We decided a shower was out and I should take a bath, and he left me to it, saying “For God’s sake if you start to pass out, YELL or something.”
It was a tough week. The husband and child both got a cold (something that happened last year too post Rio, as I remembered when I read through my 2016 race report this week), and I spent every spare moment I had sleeping. Monday ended up being 8 hours of surgery with a couple of curve balls, and I was in too much pain to sleep soundly until Wednesday night. Despite this, I could feel that I was dealing with simple fatigue and muscle soreness from the physical effort. I wasn’t injured!!!!!!! I might not have had enough time to get the training in to get a 100 miler done this season, but I ended it on an excellent 83.5 mile training run that I completed without injury. A nice springboard to jump start next season. Some enforced rest (1 day for every 10k-10miler depending on when the last aches and pains go away), but honestly I can’t/couldn’t wait to get back out there and start training again – some intervals and speedwork to build on my awesome long run base I’ve been building all this year.

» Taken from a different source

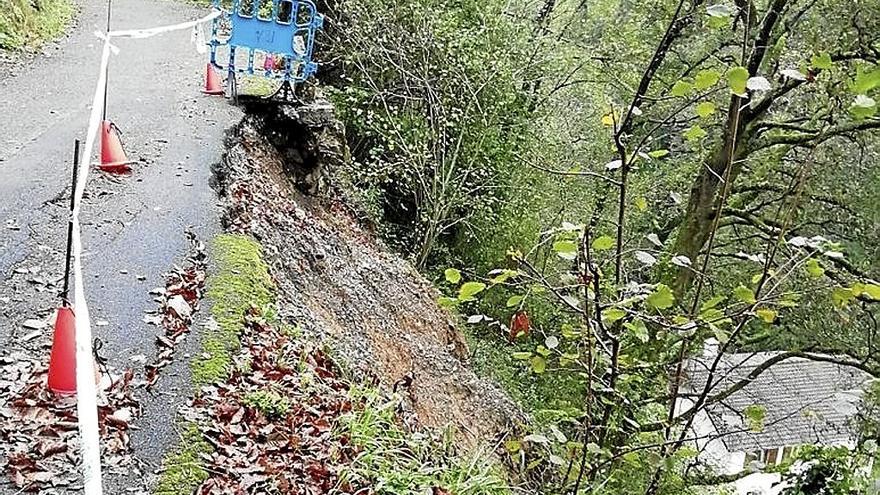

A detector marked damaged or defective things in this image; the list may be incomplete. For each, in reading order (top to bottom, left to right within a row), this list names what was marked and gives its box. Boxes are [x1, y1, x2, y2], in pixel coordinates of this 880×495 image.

Thursday I set my alarm for 11:57pm in an attempt to register for the Quicksilver 100k in the mad dash of first come first served entries for this popular race. My fingers were a little faster than some other people’s, and so my first 2019 WS qualifier is officially on the calendar for May!
Perhaps the thing that brings me the most peace at the end of my season is ironically my race photographs.
I’m not your typical looking ultra runner. Most of the time I look at my race pics and wince. As much as I really try to practice self acceptance there’s always a huge measure of self doubt that any success I’ve had is a fluke. Especially in a season filled with overtime and DNF’s, I haven’t had a lot of outside validation.
But here’s the things….for one of the first times ever when I look at these photos I actually see an ultra runner. I don’t even have to squint. It actually looks like I belong on the trail, running this event. It’s like looking at your endurance horse and realizing they are ready to jump up a distance. There’s just something in their muscling and they way they move. I can SEE that in these pics. After four seasons of doing ultras (five years, but one of those was spent pregnant) it’s starting to show. An unfortunate season of DNFs and injuries can’t take that away. It’s a blip, not a statement about the validity of me doing ultras.